_WORK INSTRUCTIONS_.
For the material below, the expected output is exactly the lines between the line holding "Open Journey Box" and the line holding "dining room featuring", inclusive, with pictures left out.

_SUPPLIED MATERIAL_.
☆ ☆ ☆

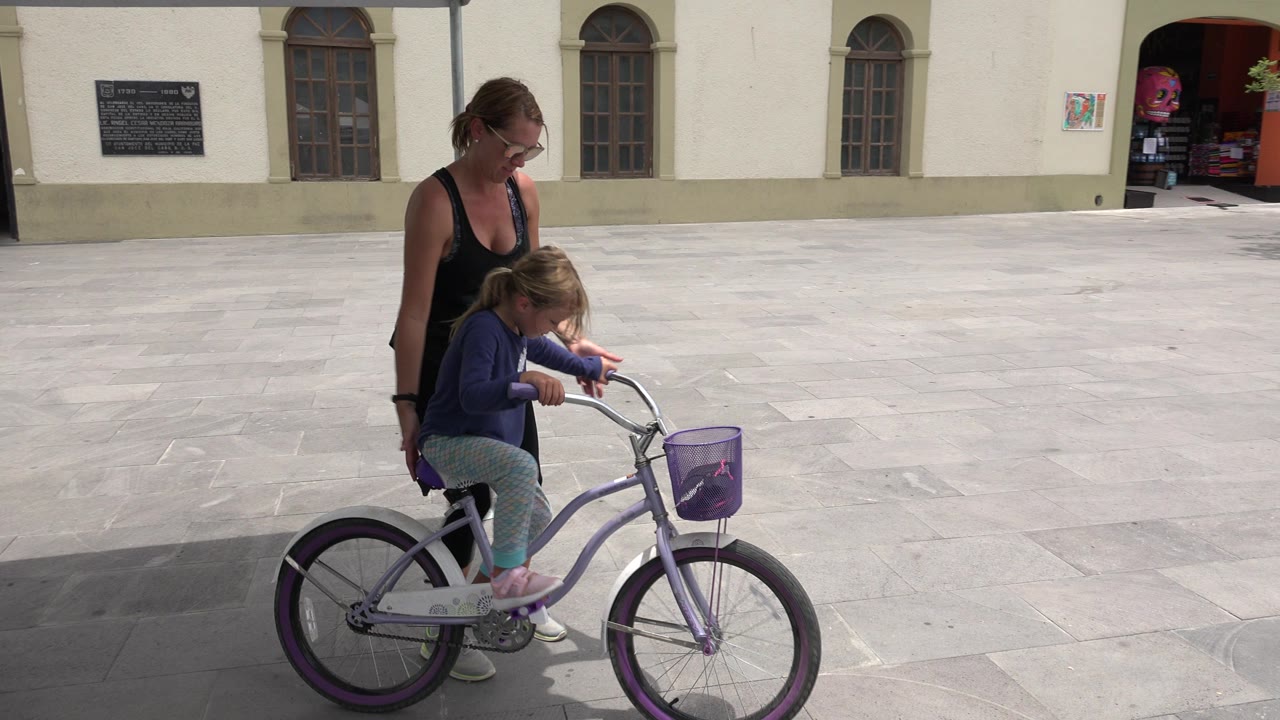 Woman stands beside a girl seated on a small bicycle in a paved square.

☆ ☆ ☆

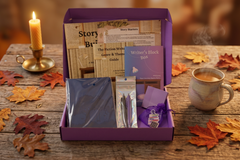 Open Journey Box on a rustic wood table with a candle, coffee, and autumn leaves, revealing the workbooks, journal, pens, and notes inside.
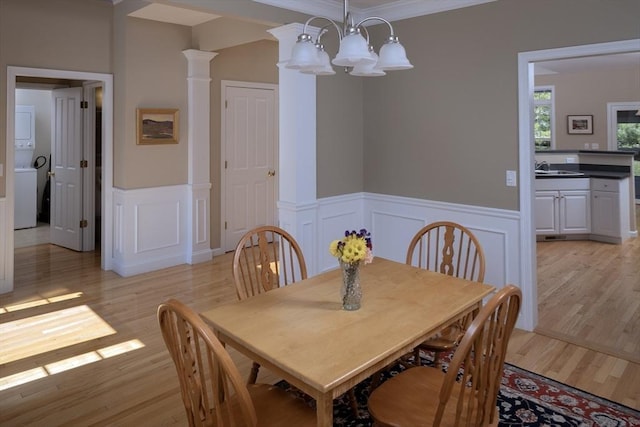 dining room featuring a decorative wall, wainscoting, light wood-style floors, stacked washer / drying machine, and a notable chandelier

☆ ☆ ☆

_EXPECTED ANSWER_.
 Open Journey Box on a rustic wood table with a candle, coffee, and autumn leaves, revealing the workbooks, journal, pens, and notes inside.
 dining room featuring a decorative wall, wainscoting, light wood-style floors, stacked washer / drying machine, and a notable chandelier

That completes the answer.